Nov. 1 (Bloomberg) -- Kenya’s shilling appreciated for a second day against the dollar on speculation the central bank will raise its benchmark rate today to curb inflation.
The currency of East Africa’s biggest economy advanced as much as 0.3 percent to 98.95 per dollar and traded less than 0.1 percent up at 99.18 by 10:45 a.m. in Nairobi from yesterday’s close of 99.20.
The Central Bank of Kenya is expected to increase the benchmark rate to a record 12.5 percent, according to the median estimate of six economists surveyed by Bloomberg.
“The shilling has strengthened as the markets are expecting a rate hike as part of the ongoing monetary tightening policy by the central bank,” Chris Muiga, a dealer at Nairobi-based Kenya Commercial Bank Ltd., said by phone.
Kenya’s shilling plunged 19 percent against the dollar this year and is the world’s worst-performing currency, according to data compiled by Bloomberg.
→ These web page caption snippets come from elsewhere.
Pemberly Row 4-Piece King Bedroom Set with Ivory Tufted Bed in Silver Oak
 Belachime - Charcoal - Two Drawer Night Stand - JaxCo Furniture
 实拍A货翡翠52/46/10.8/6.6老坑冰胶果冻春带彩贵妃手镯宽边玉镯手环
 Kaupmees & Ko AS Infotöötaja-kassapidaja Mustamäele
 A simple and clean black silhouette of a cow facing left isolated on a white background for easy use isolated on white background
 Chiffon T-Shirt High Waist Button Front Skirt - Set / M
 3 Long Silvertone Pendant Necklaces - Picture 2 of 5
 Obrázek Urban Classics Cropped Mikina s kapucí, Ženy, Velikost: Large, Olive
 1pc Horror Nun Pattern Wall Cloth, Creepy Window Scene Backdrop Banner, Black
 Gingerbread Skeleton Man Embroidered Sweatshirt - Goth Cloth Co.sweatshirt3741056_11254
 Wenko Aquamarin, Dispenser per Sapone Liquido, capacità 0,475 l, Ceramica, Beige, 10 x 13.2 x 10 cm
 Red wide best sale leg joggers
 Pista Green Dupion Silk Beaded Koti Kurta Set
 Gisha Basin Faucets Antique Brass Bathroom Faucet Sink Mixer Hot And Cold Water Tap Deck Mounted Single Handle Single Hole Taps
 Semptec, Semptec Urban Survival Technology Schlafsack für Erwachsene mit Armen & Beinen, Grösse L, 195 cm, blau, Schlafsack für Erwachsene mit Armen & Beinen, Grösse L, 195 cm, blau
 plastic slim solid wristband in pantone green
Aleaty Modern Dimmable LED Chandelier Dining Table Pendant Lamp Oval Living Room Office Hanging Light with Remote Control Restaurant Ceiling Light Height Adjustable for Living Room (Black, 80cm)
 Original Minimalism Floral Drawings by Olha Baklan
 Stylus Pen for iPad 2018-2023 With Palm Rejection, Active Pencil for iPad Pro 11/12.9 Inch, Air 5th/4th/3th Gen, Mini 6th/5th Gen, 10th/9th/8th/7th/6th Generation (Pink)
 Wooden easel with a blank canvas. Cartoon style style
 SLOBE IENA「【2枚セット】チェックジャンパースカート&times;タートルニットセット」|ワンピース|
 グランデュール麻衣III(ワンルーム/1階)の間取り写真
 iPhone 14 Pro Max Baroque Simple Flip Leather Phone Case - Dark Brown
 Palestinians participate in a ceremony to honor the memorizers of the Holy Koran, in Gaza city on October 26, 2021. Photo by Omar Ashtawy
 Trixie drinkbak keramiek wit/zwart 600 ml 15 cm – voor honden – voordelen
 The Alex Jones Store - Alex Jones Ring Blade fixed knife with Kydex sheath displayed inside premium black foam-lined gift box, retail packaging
Inflation accelerated to 18.9 percent in October from 17.3 percent in September, the Kenya National Bureau of Statistics said on Oct. 28. The central bank reduced commercial lenders’ foreign-exchange exposure limits to 10 percent from 20 percent to stem shilling volatility.
Surging inflation poses a threat to economic growth and must be “resolutely” addressed, Domenico Fanizza, head of the International Monetary Fund team that visited Nairobi from Oct. 13, said at a briefing yesterday.
“Monetary policy will be tightened to bring down the rate of expansion of credit to the private sector to levels that can be sustained and reduce demand for foreign exchange,” Fanizza said.